The current ACE Demonstration, announced by CMS in 2009, took place at five hospital sites that agreed to be paid a single sum for all Part A and B services for Medicare inpatients (a five-year pilot, set to begin in 2013, will also look at payment bundling for postacute services in a variety of settings). The ACE pilot raised questions about the role of specialists (such as radiologists) who contract with hospitals.

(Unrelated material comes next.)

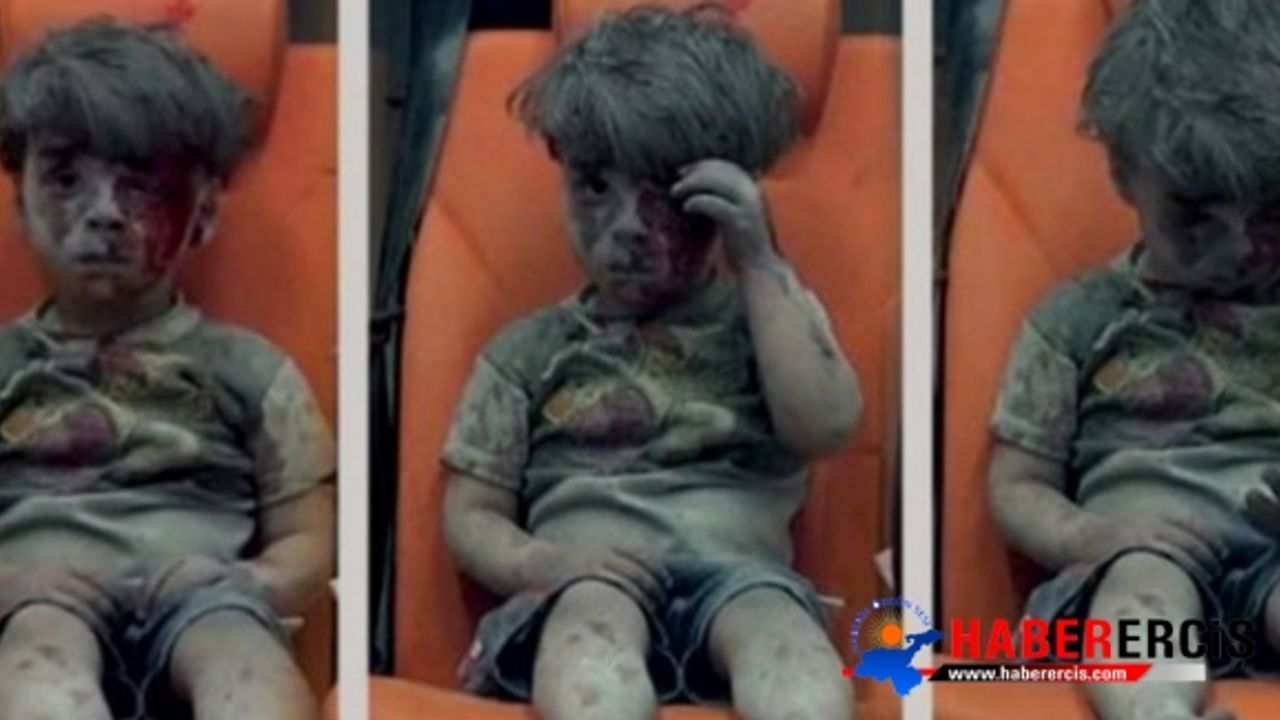 Suriye Savaşı'nın simgesi Ümran bebeğin son hali...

One of the biggest challenges faced by the radiology practice participating in the pilot was the hospital’s role as payor, Pashley said in the current issue of ImagingBiz. “The way this program was presented, the practice would be paid at Medicare rates, but instead of billing Medicare, it would bill the hospital,” he says. “It was a wash, for the practice, in terms of payment. The downside was trying to get Medicare and the hospital to understand which patients fell into the program—because they were not on the same page, our claims would be denied. Medicare would claim a patient was not part of the program when he or she was.”
Because “upstream” specialist like cardiologists and orthopedists had control of the episode of care in the demonstration, the commoditization of radiology was also accelerated, Pashley said.
Based on the experience of MMP’s client practice, Pashley warned, “Radiologists have to be more proactive. If they do not get involved in what is happening now, four or five years down the road, they will not get any say.”